89th American Meteorological Society Annual Meeting

Tuesday, 13 January 2009
The importance of elevated mixed layers in urban heat eave events east of the Rockies
Hall 5 (Phoenix Convention Center)
Thomas J. Galarneau Jr., NCAR, Boulder, CO; and J. M. Cordeira and L. F. Bosart
Previous work has demonstrated that high mid-level lapse rates, or elevated mixed layers (EMLs), are an important ingredient for the development of intense deep, moist convection. Along with contributing to a favorable environment for the development of severe mesoscale convective systems, EMLs can also be associated with extremely high surface air temperature (> 40°C) and dew point temperature (> 25°C) values during urban heat wave events over the continental United States (US). The former typically occurs over the northern High Plains of Nebraska and the Dakotas as the EML reaches the surface in association with sensible heat-driven boundary layer mixing. The latter can typically occur over the Great Lakes region and upper Mississippi valley as shallow moist boundary layers develop beneath EMLs either through northward moisture advection from over the Gulf of Mexico or by in situ growth through evapotranspiration processes from underlying vegetation. The low-level moisture slowly pools beneath the EML because the inversion at the base of the EML mitigates boundary layer mixing into the mid-troposphere.

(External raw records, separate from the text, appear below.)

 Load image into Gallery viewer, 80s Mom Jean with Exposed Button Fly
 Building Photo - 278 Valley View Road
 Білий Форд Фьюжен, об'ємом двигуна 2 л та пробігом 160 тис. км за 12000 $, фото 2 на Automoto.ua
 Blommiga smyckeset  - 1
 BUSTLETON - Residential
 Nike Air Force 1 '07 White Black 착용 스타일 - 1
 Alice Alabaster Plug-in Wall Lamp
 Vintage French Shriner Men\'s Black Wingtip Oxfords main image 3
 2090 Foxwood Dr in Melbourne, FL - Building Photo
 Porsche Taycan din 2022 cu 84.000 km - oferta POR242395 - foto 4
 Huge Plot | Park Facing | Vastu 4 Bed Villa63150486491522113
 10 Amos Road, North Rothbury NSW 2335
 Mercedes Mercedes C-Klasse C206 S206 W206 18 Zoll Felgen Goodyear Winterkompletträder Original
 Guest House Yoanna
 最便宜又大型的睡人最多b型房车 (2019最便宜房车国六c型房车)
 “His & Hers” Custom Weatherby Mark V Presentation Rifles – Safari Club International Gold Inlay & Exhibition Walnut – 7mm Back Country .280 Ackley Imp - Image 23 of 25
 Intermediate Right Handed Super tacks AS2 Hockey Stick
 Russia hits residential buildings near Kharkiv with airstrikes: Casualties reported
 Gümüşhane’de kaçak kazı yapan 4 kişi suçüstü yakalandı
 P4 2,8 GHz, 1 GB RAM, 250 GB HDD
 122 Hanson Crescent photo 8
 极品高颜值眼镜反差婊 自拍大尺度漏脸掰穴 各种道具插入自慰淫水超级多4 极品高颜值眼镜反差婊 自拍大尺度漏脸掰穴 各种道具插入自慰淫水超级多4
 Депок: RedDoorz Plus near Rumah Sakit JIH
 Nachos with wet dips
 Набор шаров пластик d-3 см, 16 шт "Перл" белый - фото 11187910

The purpose of this presentation is two-fold. The first part of the presentation will introduce an objective climatology of EMLs over North America during 1974–2007 in order to assess the spatial and temporal variability of these features. With the climatology providing broader perspective, the second part of the presentation will examine the evolution and importance of EMLs during selected heat wave events that affected urban areas over the northern Plains and Great Lakes regions [e.g., July 1995 heat wave over Chicago, IL (CHI), and Milwaukee, WI].

Preliminary results from the climatology highlight a warm season maximum in high lapse rates over the Intermountain West that expands poleward during March through August. These high lapse rates tend to advect eastward over the northern Great Plains and Great Lakes region during June through August in conjunction with strong westerly flow aloft over the northern US on the poleward side of the climatological upper-level anticyclone over the southern-central US. Cursory examination of the July 1995 CHI heat wave case study suggests that an EML was advected eastward to over the northern Great Plains and Great Lakes region during 9–14 July 1995. This EML was important in contributing to surface dew point temperature values > 25°C over the greater CHI area, by inhibiting the vertical mixing of near-surface moisture, produced in situ via evapotranspiration processes, into the midtroposphere. These high surface dew point temperature values, combined with air temperature values >35°C, contributed to ~800 casualties throughout the greater CHI area as previous work has indicated.